▶ WHAT IS NEEDED
Produce a word-for-word copy of the data that follows, excluding images.

··· EXTRACTED RECORDS ···

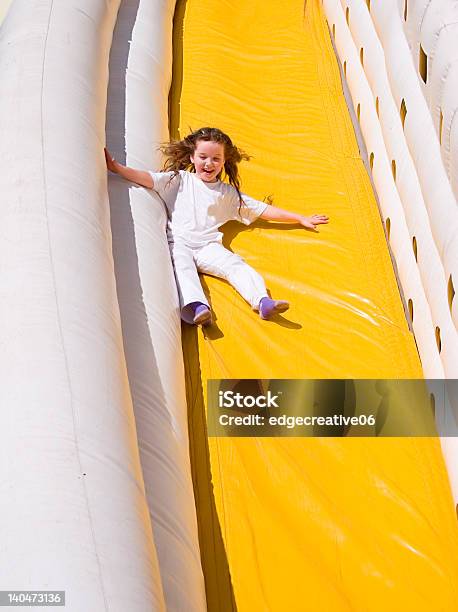 Menina Na Lâmina - Fotografias de stock e mais imagens de Amarelo - Amarelo, Criança, Descer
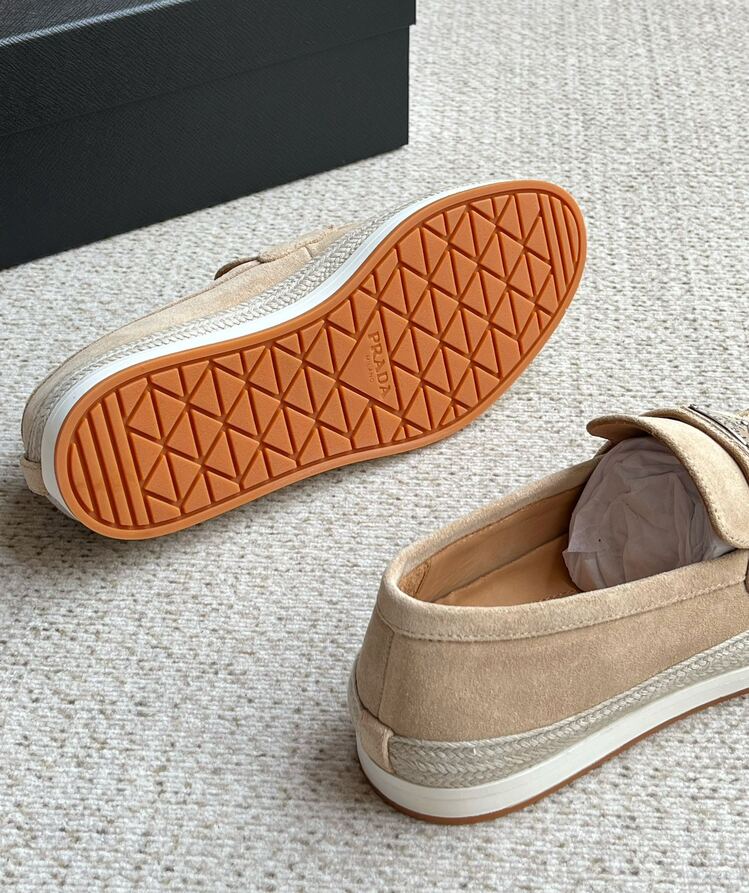 Prada 39/45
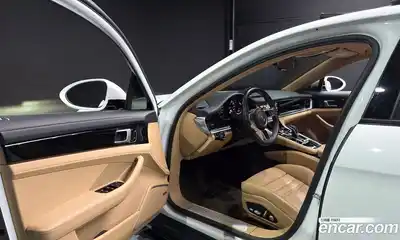 Porsche Panamera 2018 3.0 Автомат в Москве № 165458, миниатюра 11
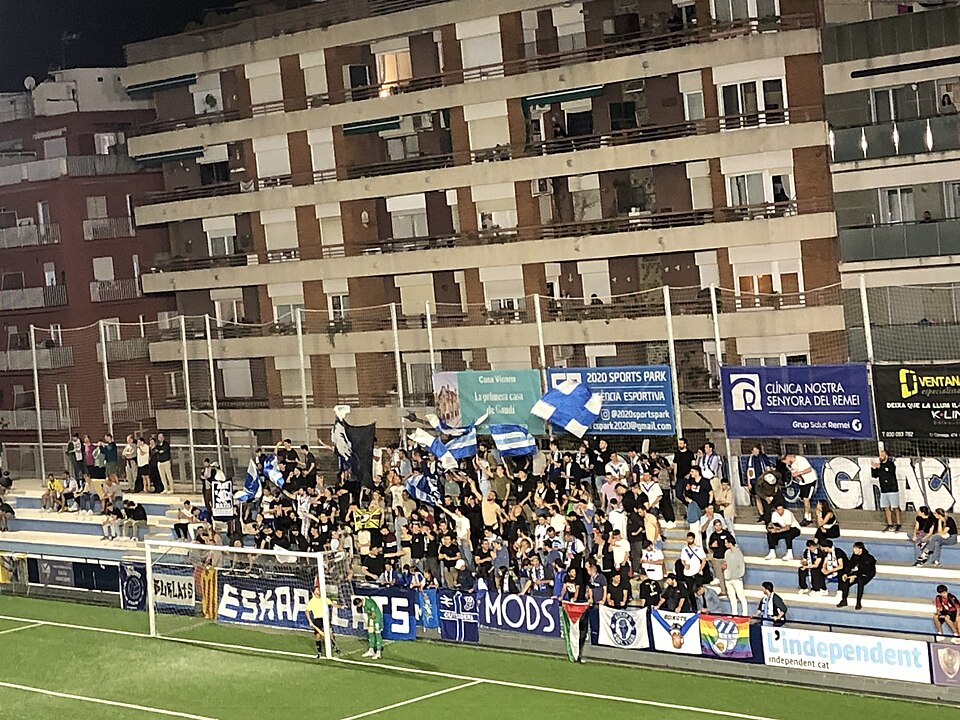 File:Eskapulats en un partit.jpg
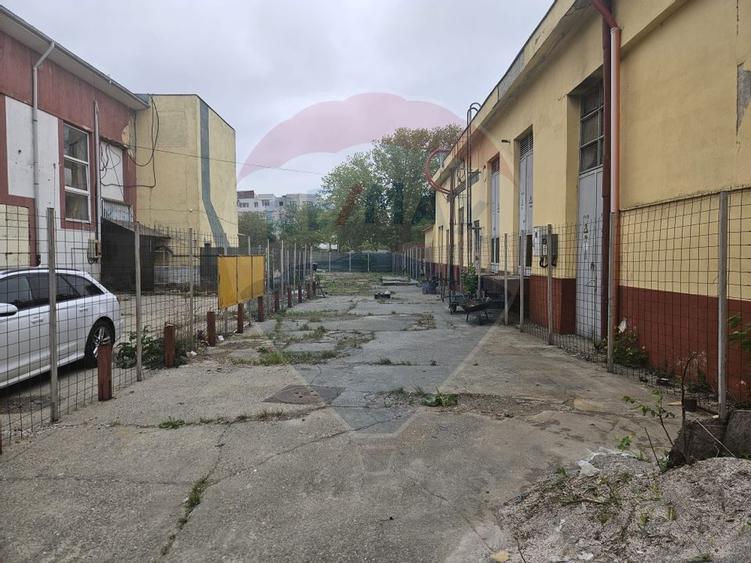 Teren 412mp de inchiriat pentru 22 locuri parcare, str. Bradului
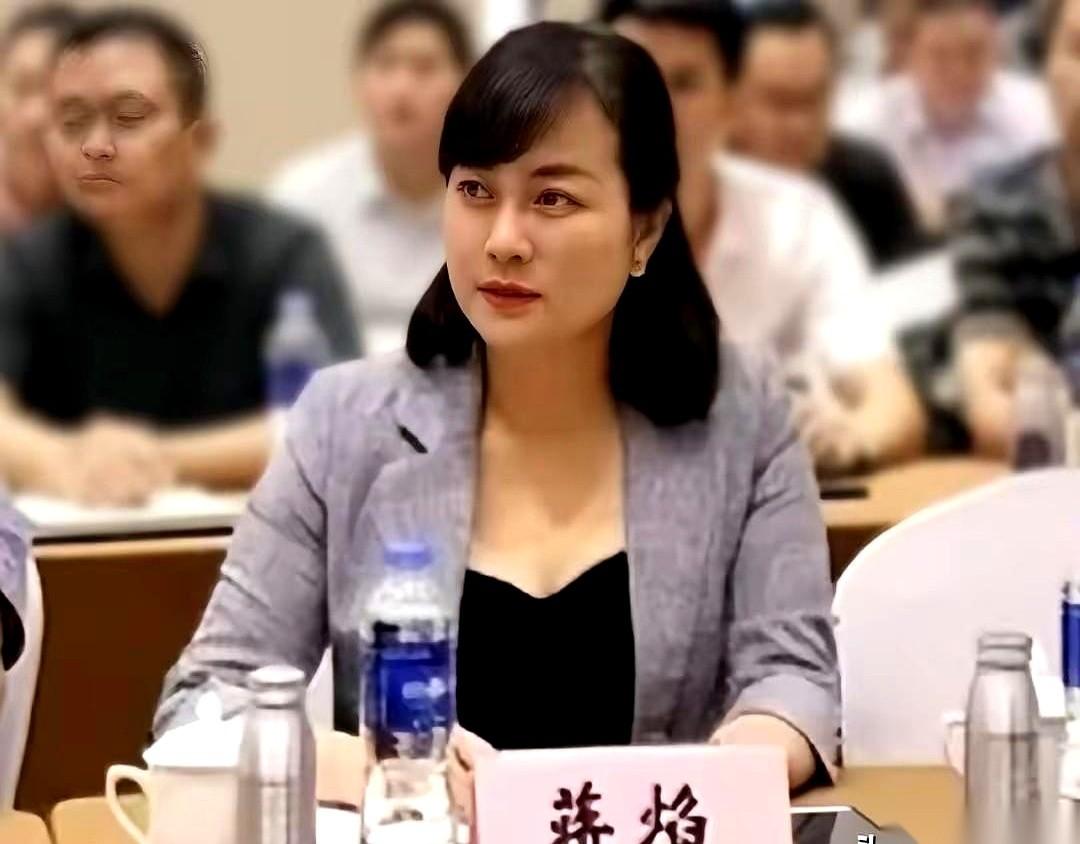 茅台那个女总监，栽了。
就那个，照片上永远一身黑白灰，眼神凌厉得像要吃人的那位。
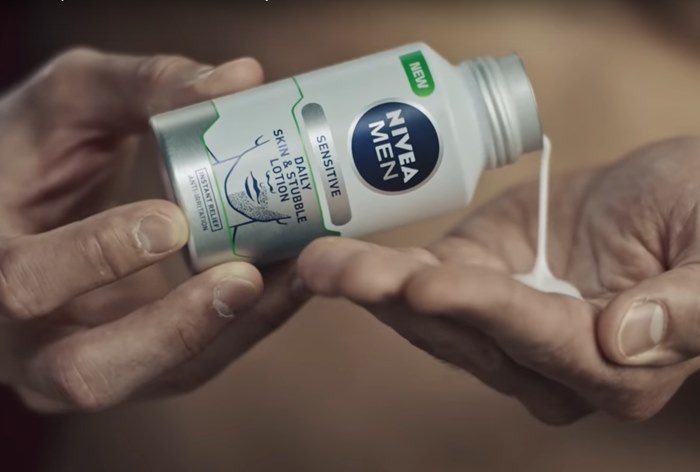 Картинка к Nivea лишилась партнерства с рекламным агентством из-за гомофобного высказывания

···

▶ EXPECTED ANSWER
 Menina Na Lâmina - Fotografias de stock e mais imagens de Amarelo - Amarelo, Criança, Descer
 Prada 39/45
 Porsche Panamera 2018 3.0 Автомат в Москве № 165458, миниатюра 11
 File:Eskapulats en un partit.jpg
 Teren 412mp de inchiriat pentru 22 locuri parcare, str. Bradului
 茅台那个女总监，栽了。
就那个，照片上永远一身黑白灰，眼神凌厉得像要吃人的那位。
 Картинка к Nivea лишилась партнерства с рекламным агентством из-за гомофобного высказывания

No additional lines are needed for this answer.